Why there is no evidence that “SARS-CoV-2” is contagious and causes disease

There are doubts about the effectiveness of masks, lockdowns, health passes, social distancing, vaccines, modes of transmission, incubation period, infectivity of asymptomatic persons, relevance of PCR tests, but the foundation, the virus, is indisputable.

It is settled, everyone knows it, there are thousands of studies, SARS-CoV-2 is the virus responsible for the symptom grid called COVID-19.

There are moreover three studies that claim to demonstrate that this virus is contagious and responsible for a disease, in animals of course, ethics dictates, but if proof is needed for those who doubt (who would doubt the obvious?), it is in these articles that we will find it.


The first is a Chinese study published on May 07, 2020 in the journal Nature, “The pathogenicity of SARS-CoV-2 in hACE2 transgenic mice“, it claims to “have confirmed the pathogenicity of SARS-CoV-2 in hACE2 mice”.

The hACE2 mice are genetically engineered to express human ACE2 (hACE2), an angiotensin 2 converting enzyme present in virtually every organ in humans and identified as the functional receptor for SARS.

The experiment is simple, there are three groups of mice:

The first group consists of transgenic mice (hACE2) which are inoculated nasally after anesthesia with Avertin with the SARS-CoV-2 isolate (an isolate in virology is not an isolate as in bacteriology, the isolate is here a cell culture on Vero monkey kidney cells containing L-glutamine, glucose, sodium pyruvate, sodium bicarbonate, fetal bovine serum, penicillin and streptomycin);

The second group consists of normal wild-type mice that are inoculated with the isolate in the same manner;

The third group consists of transgenic mice that are nasally inoculated with a saline solution (phosphate-buffered saline).

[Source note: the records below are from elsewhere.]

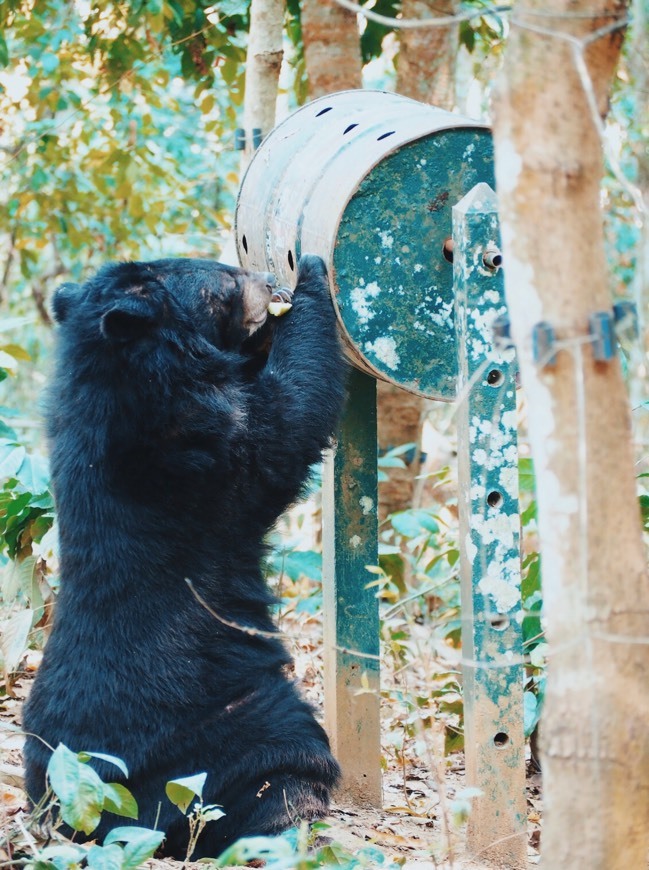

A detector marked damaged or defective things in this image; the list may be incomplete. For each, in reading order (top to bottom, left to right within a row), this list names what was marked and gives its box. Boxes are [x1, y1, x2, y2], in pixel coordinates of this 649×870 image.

rusty metal bucket [235, 90, 494, 400]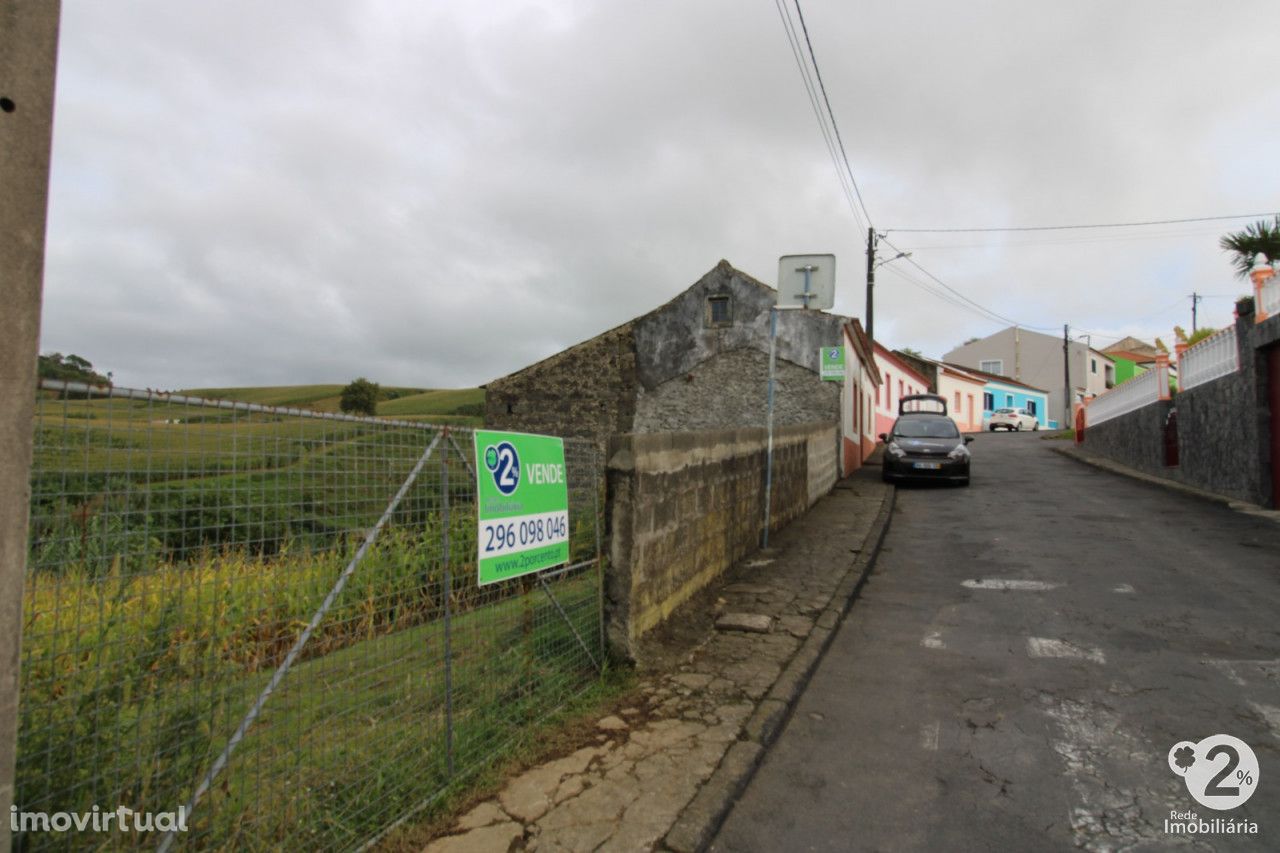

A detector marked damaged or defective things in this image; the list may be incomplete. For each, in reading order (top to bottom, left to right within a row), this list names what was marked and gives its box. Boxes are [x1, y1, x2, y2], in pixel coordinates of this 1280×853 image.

cracked pavement [712, 432, 1280, 852]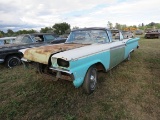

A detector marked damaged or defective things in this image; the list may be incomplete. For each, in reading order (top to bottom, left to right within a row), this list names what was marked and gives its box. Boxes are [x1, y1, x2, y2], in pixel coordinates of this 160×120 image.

abandoned junkyard car [19, 27, 140, 94]
rusty car body [19, 27, 140, 94]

Slight bristling and weight loss was observed only in inoculated hACE2 mice, reaching 8% 5 days after infection and then rapidly returning to normal, no other clinical signs were detected.

If bristling hair and weight loss do not necessarily correspond to the symptoms observed in humans, these are mice and it is possible that they react differently.

However, this experiment has some shortcomings that may cast doubt on the relevance of the results obtained.

First, in the control experiment, the scientists claim to use an isolate, but the term is not appropriate since the solution is more comparable to a soup of genetic material from three different species and toxic products, this solution does not contain only the virus. It would be very simple to reproduce the same cell culture without adding the SARS-CoV-2 isolate and inoculate the control group, yet only a saline solution is used.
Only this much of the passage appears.